▶ [TASK DIRECTIONS]:
Leave every picture out and return the rest of the listing verbatim.

━━━ DATA SEGMENT ━━━

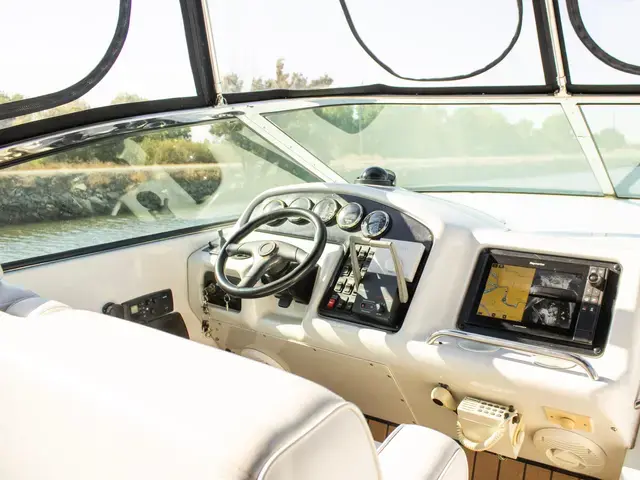 Carver 530 Voyager Pilothouse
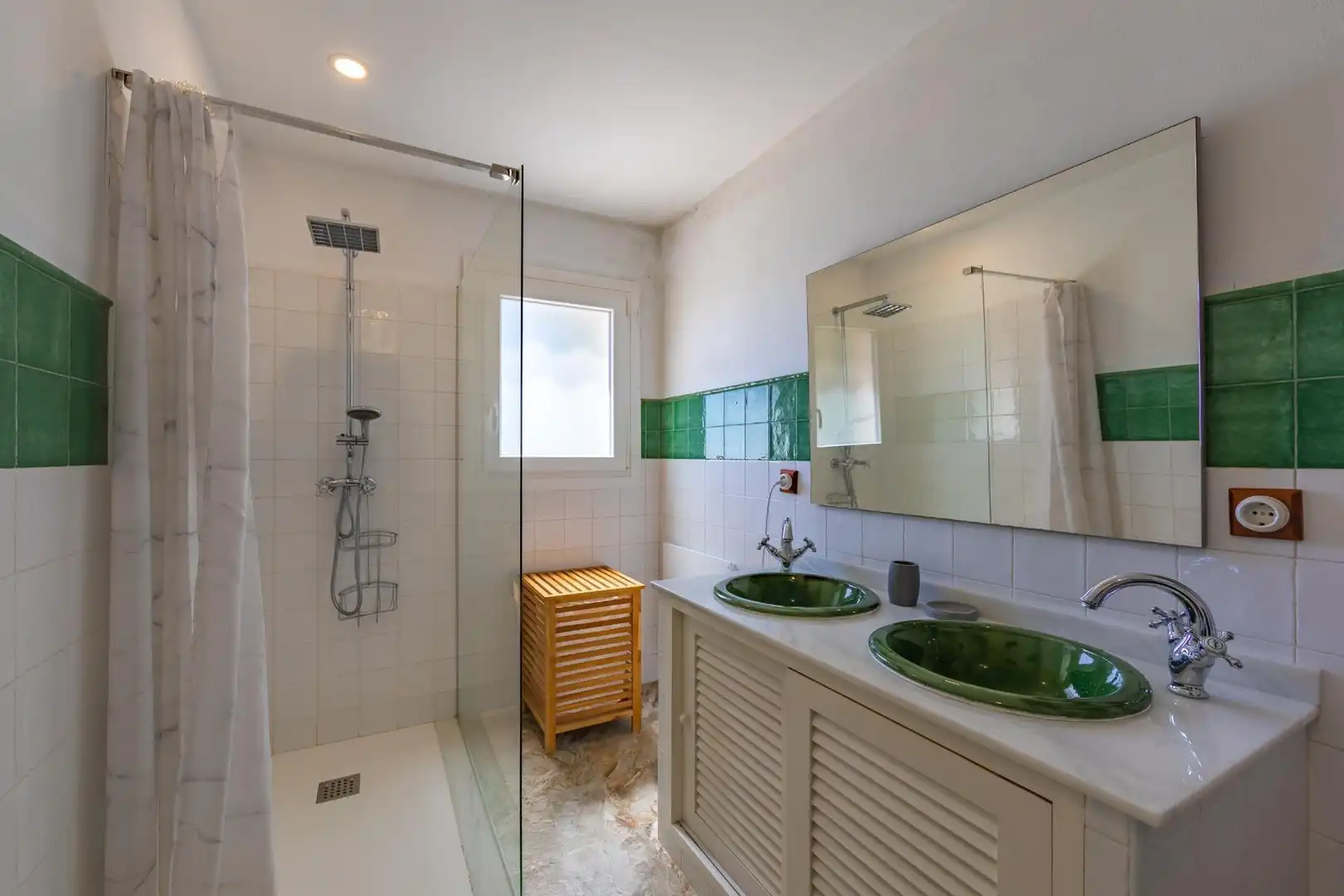 Badezimmer von Country house zum Verkauf in Tarifa mit Heizung und Gemeinschaftspool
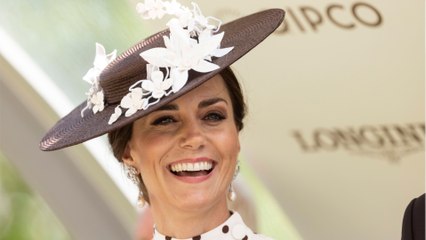 VOICI - Kate Middleton : sa surprenante entorse au protocole lors d'un bain de foule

━━━

▶ [TASK ANSWER]:
 Carver 530 Voyager Pilothouse
 Badezimmer von Country house zum Verkauf in Tarifa mit Heizung und Gemeinschaftspool
 VOICI - Kate Middleton : sa surprenante entorse au protocole lors d'un bain de foule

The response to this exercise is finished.